THE DESTROY AND HOWL GROUP: These dogs will vocalise in distress. The tone of the howl can be quite telling, as can the type of bark if the dog is barking. A monotonous “woof – woof – woof…………woof – woof – woof” can actually just be a boredom bark, where the dog has nothing to do and simply sits and woofs to pass the time.
Generally speaking, most of your separation vocalization will occur shortly after the owner’s departure, and before the owner’s anticipated return, with sessions in between.
But if a dog is just woofing in one tone all day long, the dog either has a confirmed strategy that works in his mind (if I sit here and woof every three seconds, my owner will eventually return) OR he is doing it because he’s bored and it’s something to do.
THE UNRESERVED DOG: If your dog is angry with you for leaving, he may target his rage on the last place he saw you, or on items that smell like you.

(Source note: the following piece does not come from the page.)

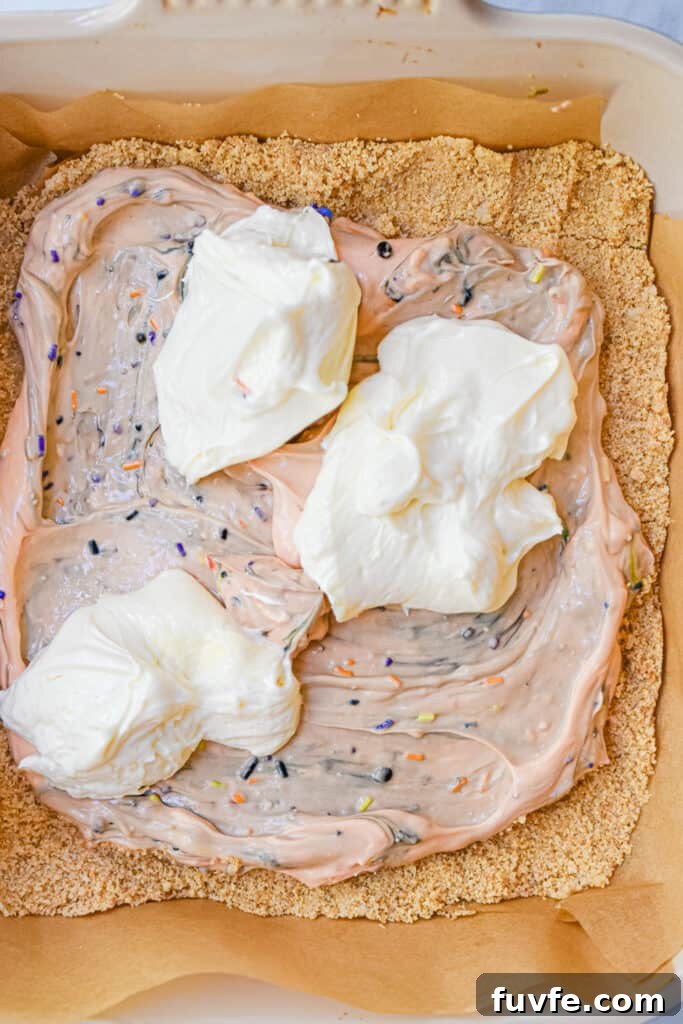 The cheesecake mixture is swirled together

These are the dogs who tend to rip up doorways, carpets or your shoes when you leave them alone. And of course, they look really angry and will often try to stop you from leaving if you start to get ready to depart. Some use their bodies – they get in the way, they refuse to get out of doorways or your car, and others can resort to using aggression to stop you from leaving.
2. SEPARATION DELIGHT:
This is a tricky one – if you have a dog who tears up magazines, couches, clothes or any other random items he can get his teeth on, he may actually not be anxious when you leave him alone, but rather delighted to have unsupervised access to all those fun things (OR he may be bored).

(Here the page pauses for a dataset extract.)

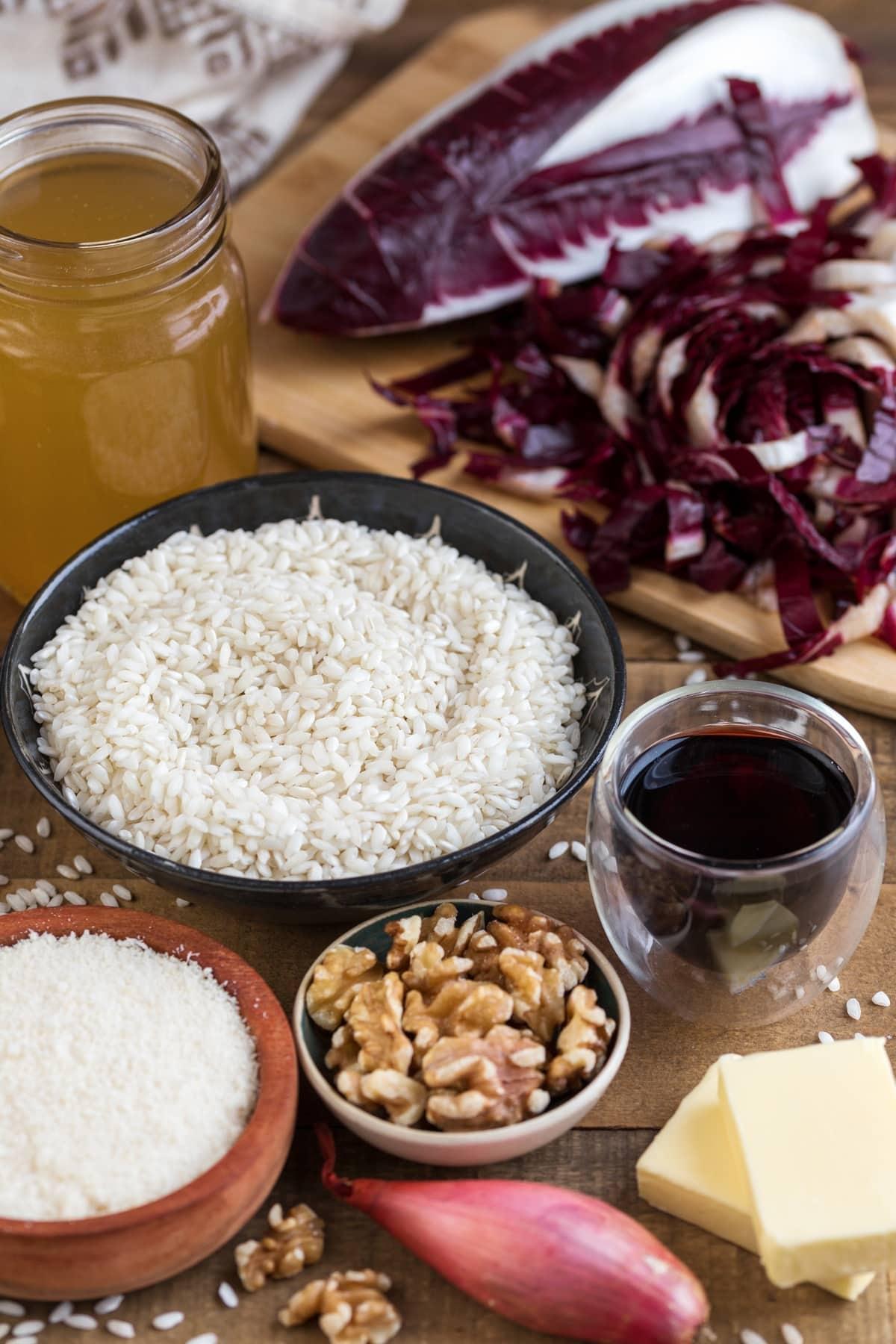 Ingredients for radicchio risotto laid out on a wooden surface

If your dog simply doesn’t seem to care when you are getting ready to leave, looks happy when you’re going, and of course is exhausted or fast asleep upon your return - you can easily test to see if he’s truly experiencing distress.
- provide him with an assortment of chew toys e.g. stuffed Kongs or his regular favourites that he can safely chew on.
- scatter his food / treats around the house for him to search, find and enjoy.
The tell-tale sign of true distress is that the dog is usually too upset to eat, therefore if yours is merrily guzzling down anything yummie he can find, it’s unlikely that he’s too worried about your departure.
It can be difficult to monitor your dog to see what he’s like when you’re not home, but a remotely accessed baby cam can do wonders here.
If you decide to set up a camera, please don’t put it within reach (as most electronic recording equipment is expensive and you don’t want your dog to chew on your camera while you watch from the other end).
At the end of the day, if you’re unsure about your pet’s emotional response to being left alone, please don’t hesitate to ask for advice – because prevention is always better than cure.